Wojtek Sokolowski sokol at jhu.edu
Fri Mar 14 08:16:22 PST 2003


Marx once said (in the _18th brummaire of the Louis Bonaparte_), that history repeats itself, as it were, twice, first time as tragedy, the second time as farce. That observation proved to be prophetic.

About 60 or so years ago, Hitler was appointed chancellor as a result of parliamentary impasse. He quickly withdrew from the League of Nations, used the burning of the Reichstag as a pretext for militarization, and then invaded a third-rate country (Poland) under the pretext of persecution of German minority there. The bone of contention was Poland's unwillingness to yiled to a highly unreasonable German demand to create a "corridor" in her territory that would connect East Prussia with the German mainland - which would effectively cut of Poland from the access to the Baltic.. The pretext for invasion was manufactured by the Nazis, who staged an attack on a German radio station in the Silesian city of Gleiwitz, making it look as if it was carried by Polish saboteurs.

Today, this history repeats itself, this time as a farce. Bush is appointed president as a result of electoral impasse. He uses WTC bombing to militarize the country, sabotage the UN, and attack a third-rate country (Iraq) under the pretext of security threats. The US demands for Iraq are as unreasonable as those Hitler made for Poland in 1939. They effectively threaten the sovereignty of any country and thus are impssible to met.

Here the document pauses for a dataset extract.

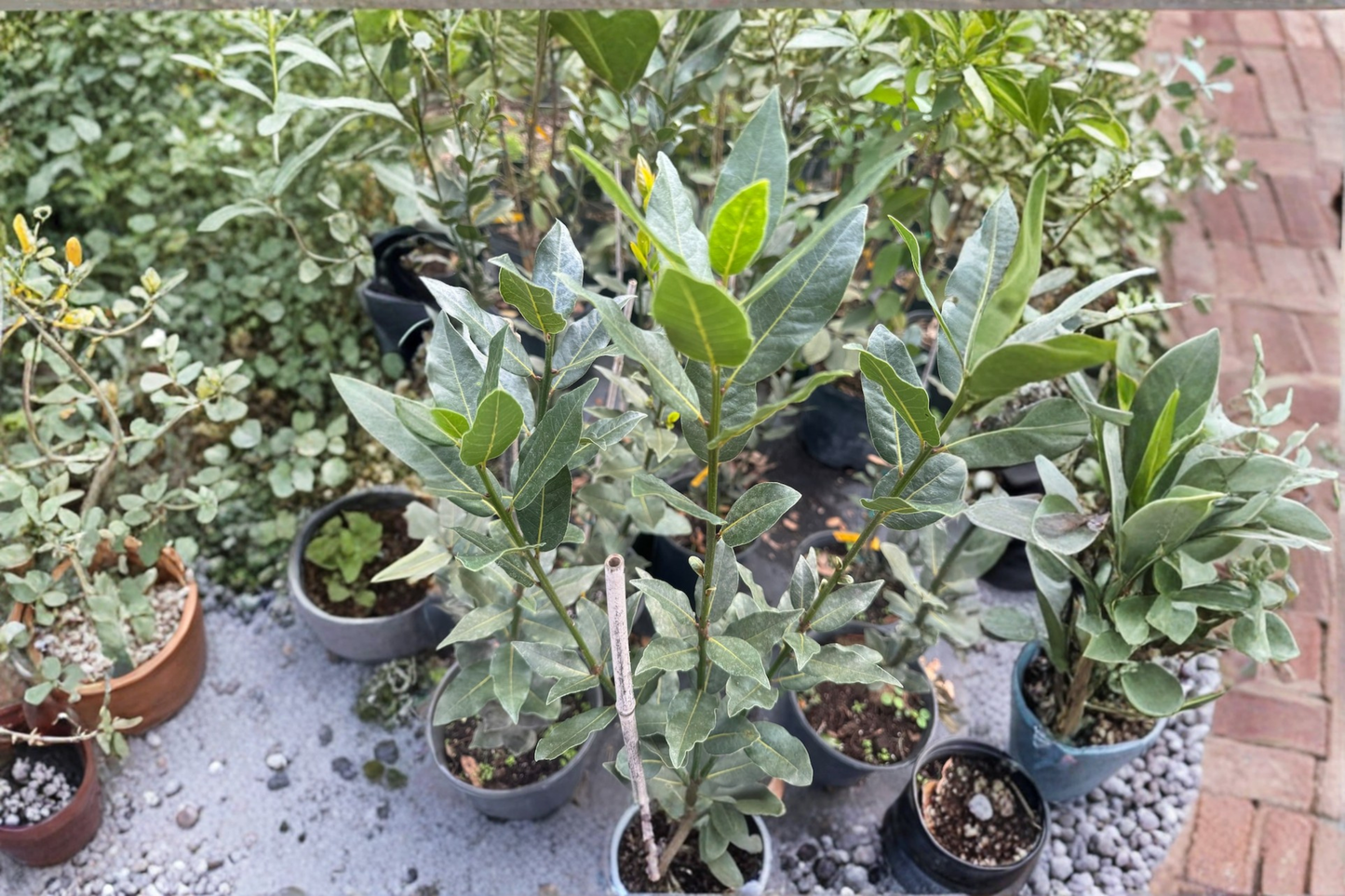 Bay Laurel Tree Live Plant 3-4ft Tall Laurus Nobilis Culinary Herb Plant Evergreen Garden No Ship to California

Hitler's warmongering led to a major war, and thus it was tragedy. Bush warmongering, on the other hand, will likely produceonly a realtively confiend local conflict, and thus its is farce. I sincerely hope that in a few years this nullity from Texas will be remembered as the greatest embarassment that this country's political institutions have ever suffered.

Fascist logic does not seem to have changed much. I am nonplussed, however, how quickly people forget where it leads to. True, a sizeable share of the US population, and notably almost all mainstream religious leaders, oppose Bush's warmongering, but the majority of the US-ers and almost all mainstream media (including normally dovish New Yorker) eagrly jump on Bush's bandwagon. US-ers are no different in this respect, than, say, Germans, Serbs, Croats, Rwandans, and scores of others eager to engage in collective violence against defenceless minorities, either in person or vicariously.